Evolutionary trajectories of immune escape across cancers

Abstract Immune escape is a critical hallmark of cancer progression and underlies resistance to multiple immunotherapies. However, it remains unclear when the genetic events associated with immune escape occur during cancer development. Here, we integrate functional genomics studies of immunomodulatory genes with a tumor evolution reconstruction approach to infer the evolution of immune escape across 38 cancer types from the Pan-Cancer Analysis of Whole Genomes dataset. Different cancers favor mutations in different immunomodulatory pathways. For example, the antigen presentation machinery is highly mutated in colorectal adenocarcinoma, lung squamous cell carcinoma, and chromophobe renal cell carcinoma, and the protein methylation pathway is highly mutated in bladder transitional cell carcinoma and lung adenocarcinoma. We also observe different timing patterns in multiple immunomodulatory pathways.

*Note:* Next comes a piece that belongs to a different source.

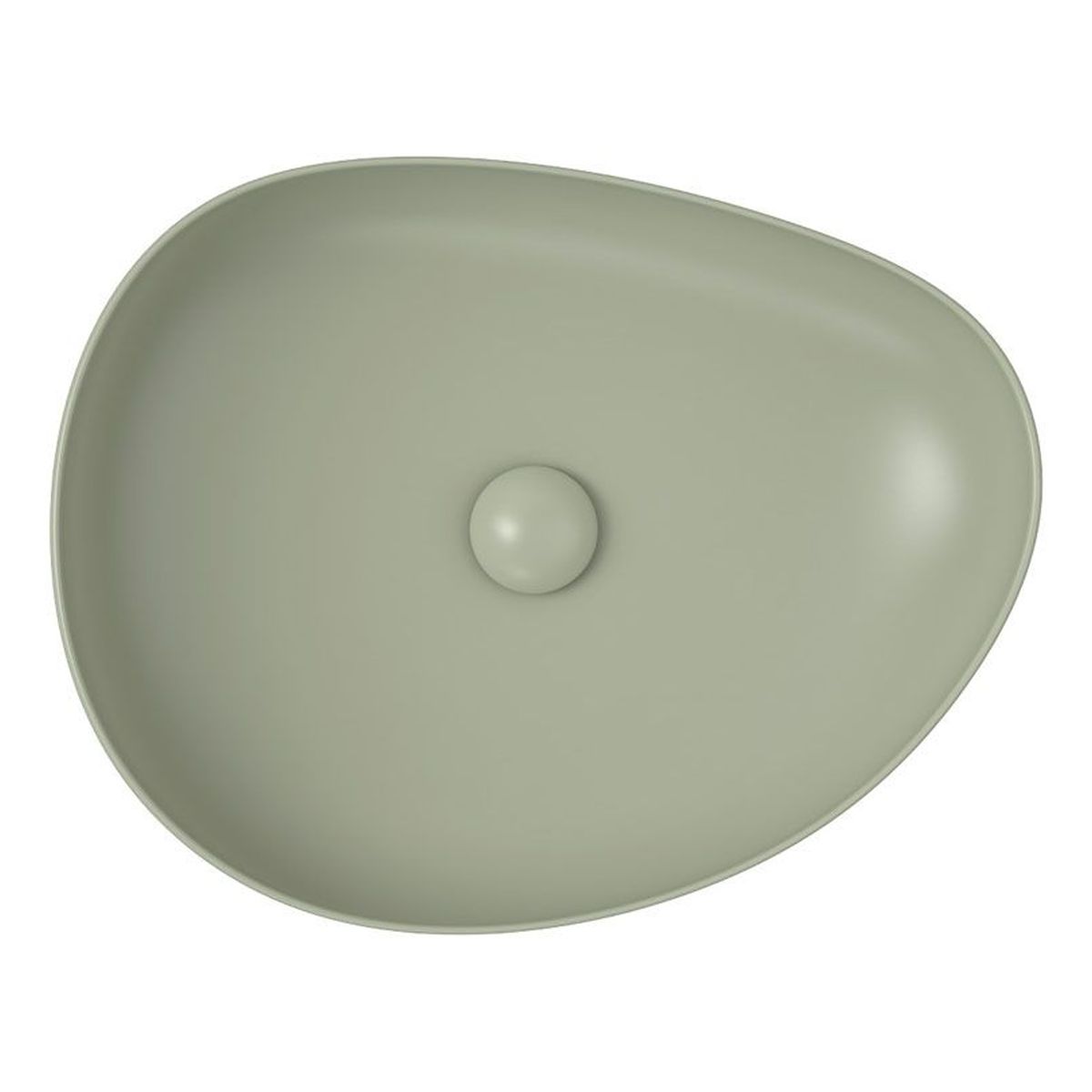 Pebble Medium Above Counter Basin, Matte Olive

For instance, mutations impacting genes involved in cellular amino acid metabolism were more likely to happen late in pancreatic adenocarcinoma. Mutations in the glucocorticoid receptor regulatory network pathway tended to occur early, while mutations in the TNF pathways were more likely to occur late in B-cell non-Hodgkin lymphoma. Mutations in the NOD1/2 signaling pathway and DNA binding transcription factor activity tended to happen late in breast adenocarcinoma and ovarian adenocarcinoma. Together, these results delineate the evolutionary trajectories of immune escape in different cancer types and highlight opportunities for improved immunotherapy of cancer. Significance Despite its critical role in cancer progression, the evolution of immune escape is poorly understood. We integrate functional genomics and tumor evolution reconstruction and infer immune escape trajectories across cancer types. Our results have important implications for developing biomarkers for immunoprevention and treatment strategies for immune escape of cancer.